If a line in the records below contains "poster", copy that line.

*** Given data Section Begins ***

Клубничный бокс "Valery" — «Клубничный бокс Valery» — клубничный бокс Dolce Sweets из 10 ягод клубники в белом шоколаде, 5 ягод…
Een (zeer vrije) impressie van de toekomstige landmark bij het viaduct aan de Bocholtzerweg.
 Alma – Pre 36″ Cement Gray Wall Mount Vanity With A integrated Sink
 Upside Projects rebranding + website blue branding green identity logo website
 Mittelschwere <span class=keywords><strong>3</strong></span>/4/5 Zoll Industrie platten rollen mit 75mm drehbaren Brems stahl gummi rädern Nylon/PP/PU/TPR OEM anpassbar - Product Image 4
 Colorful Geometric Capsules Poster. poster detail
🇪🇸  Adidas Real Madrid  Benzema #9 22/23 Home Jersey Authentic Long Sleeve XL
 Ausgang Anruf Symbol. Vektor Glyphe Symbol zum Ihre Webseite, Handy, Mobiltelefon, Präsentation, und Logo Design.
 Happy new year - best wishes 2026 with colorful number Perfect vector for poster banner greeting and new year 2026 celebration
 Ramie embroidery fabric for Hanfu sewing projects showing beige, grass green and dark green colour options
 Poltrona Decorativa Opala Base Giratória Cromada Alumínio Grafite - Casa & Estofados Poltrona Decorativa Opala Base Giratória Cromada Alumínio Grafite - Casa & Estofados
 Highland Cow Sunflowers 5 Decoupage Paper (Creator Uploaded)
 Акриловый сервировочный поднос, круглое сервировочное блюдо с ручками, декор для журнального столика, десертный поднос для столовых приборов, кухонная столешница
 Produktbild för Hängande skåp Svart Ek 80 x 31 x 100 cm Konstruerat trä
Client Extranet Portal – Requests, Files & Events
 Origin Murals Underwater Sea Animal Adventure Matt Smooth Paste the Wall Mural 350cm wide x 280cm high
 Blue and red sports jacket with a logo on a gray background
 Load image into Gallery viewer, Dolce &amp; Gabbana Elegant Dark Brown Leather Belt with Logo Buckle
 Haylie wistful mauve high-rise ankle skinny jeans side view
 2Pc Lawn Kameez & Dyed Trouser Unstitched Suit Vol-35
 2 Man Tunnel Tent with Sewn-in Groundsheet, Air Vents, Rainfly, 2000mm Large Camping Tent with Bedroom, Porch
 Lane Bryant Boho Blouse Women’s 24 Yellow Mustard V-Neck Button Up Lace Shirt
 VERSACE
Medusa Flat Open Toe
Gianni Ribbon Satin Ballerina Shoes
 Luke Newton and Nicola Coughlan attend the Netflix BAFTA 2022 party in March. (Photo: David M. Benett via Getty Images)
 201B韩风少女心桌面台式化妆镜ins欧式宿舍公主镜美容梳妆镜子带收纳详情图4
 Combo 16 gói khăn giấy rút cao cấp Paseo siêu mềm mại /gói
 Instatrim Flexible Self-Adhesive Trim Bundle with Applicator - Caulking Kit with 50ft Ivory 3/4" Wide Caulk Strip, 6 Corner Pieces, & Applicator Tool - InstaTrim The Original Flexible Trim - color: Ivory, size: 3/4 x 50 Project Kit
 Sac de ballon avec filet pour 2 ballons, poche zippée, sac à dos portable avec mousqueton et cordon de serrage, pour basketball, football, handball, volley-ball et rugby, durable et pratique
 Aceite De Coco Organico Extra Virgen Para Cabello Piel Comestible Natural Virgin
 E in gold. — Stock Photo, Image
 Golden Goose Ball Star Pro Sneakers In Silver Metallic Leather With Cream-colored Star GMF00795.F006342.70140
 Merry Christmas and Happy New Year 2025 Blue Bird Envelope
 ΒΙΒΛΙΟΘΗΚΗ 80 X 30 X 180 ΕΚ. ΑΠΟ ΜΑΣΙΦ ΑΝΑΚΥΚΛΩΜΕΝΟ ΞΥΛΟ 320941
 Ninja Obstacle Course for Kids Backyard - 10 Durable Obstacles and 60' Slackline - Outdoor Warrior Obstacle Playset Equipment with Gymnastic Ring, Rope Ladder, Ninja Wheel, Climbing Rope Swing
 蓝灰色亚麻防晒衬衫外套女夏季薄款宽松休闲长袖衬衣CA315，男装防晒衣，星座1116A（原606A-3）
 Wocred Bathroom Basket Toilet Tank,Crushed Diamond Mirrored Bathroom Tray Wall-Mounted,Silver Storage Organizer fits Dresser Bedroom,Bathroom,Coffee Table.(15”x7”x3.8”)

*** Given data Section Ends ***

» Result of the exercise:
 Colorful Geometric Capsules Poster. poster detail
 Happy new year - best wishes 2026 with colorful number Perfect vector for poster banner greeting and new year 2026 celebration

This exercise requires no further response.